Children’s authors often appear to have had more than their fair share of disturbed childhoods. That most English-seeming of writers P L Travers (creator of Mary Poppins) was born in Australia to an Irish father, who died when she was seven, and a Scottish mother, who three years later tried to drown herself.

According to Lively Oracle: a centennial celebration of P L Travers, edited by Dooling Draper and Jenny Koralek (Larson Publications pound;12.99), the young Pamela was at that moment huddled with her sisters under an eiderdown in front of the fire. As she was telling them a story about a small horse, her bedraggled mother returned. The nightmare was over, but Pamela was never to forget the power of story.

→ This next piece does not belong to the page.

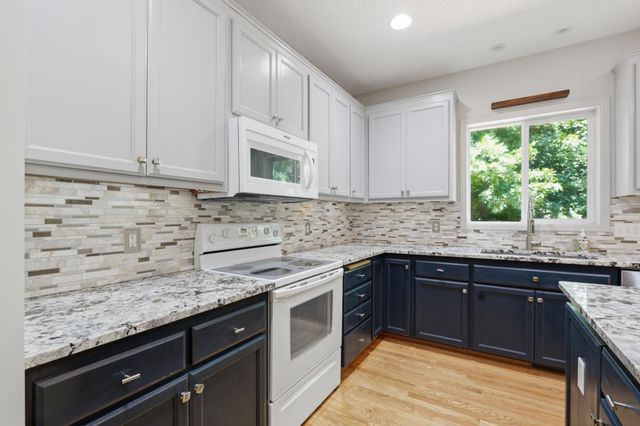9142 Woodland Drive, Saint Bonifacius, MN 55375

Other contributors discuss her disapproval of the film that more than anything else still keeps the name of Mary Poppins alive today. For Pamela, however, Julie Andrews was far too pretty for plain Mary, herself based on that plainest of toys, a Dutch doll. And no, the real Mary would never have displayed all that underwear when dancing a can-can on the rooftops.

The book ends with three essays by Pamela herself, each one erudite, wise and beautifully written. Readers who may find it difficult to follow her later enthusiasm for Zen will still find much to enjoy in this affectionately edited volume.

Apart from his initials, author and artist Mervyn Peake was as far from Mary Poppins as is possible. He was born in China, and his claustrophobic masterpiece Gormenghast drew on memories of life within a walled city with great gates that closed at sunset. Peake’s father sometimes used to escape at night down a 100ft rope, a ruse Peake’s character Steerpike also used to get away from the crazed castle.

More mundane influnces on his writing, such as the masters’ common room at Eltham college, with its anthracite fire and rows of shiny, greenish gowns hanging from the wall, are duly tracked down and dryly recounted in Vast Alchemies: the life and work of Mervyn Peake by G Peter Winnington, editor of The Mervyn Peake Review and Peake Studies (Peter Owen pound;18.95). Because of a falling-out with the Peake estate, virtually none of the original mesmeric illustrations are included - a sad loss.

There is no shortage of pictures in David Day’s Tolkien’s Ring (Pavilion pound;14.99), massively illustrated throughout by Alan Lee, now working as conceptual designer for the three-part film version of The Lord of the Rings, the first section of which is due out next year. The author traces the various influences upon Tolkien, from Norse mythology to Wagner’s Ring cycle, each saga brought to life by Lee’s moody, swirling pictures, high on atmosphere if, like Tolkien himself, sometimes a little short in humour. But David Day is no uncritical worshipper at the shrine of Gandalf - he writes lucidly throughout, particularly about the final moments of the trilogy in which Frodo discovers that evil in itself can never succeed in defeating other evil. This potentially pacifist message was widely taken up in the 1960s, for example (on their own admission) by those involved with the maiden Greenpeace voyage attempting to stop American nuclear testing on Amchitka island in Alaska.

Whether Tolkien also succeeded in providing his beloved England with a ready-made mythology to rival those legends owned by its Celtic neighbours seems much less likely. But his was still a mighty achievement, effectively described and celebrated in this lavish, handsomely presented volume.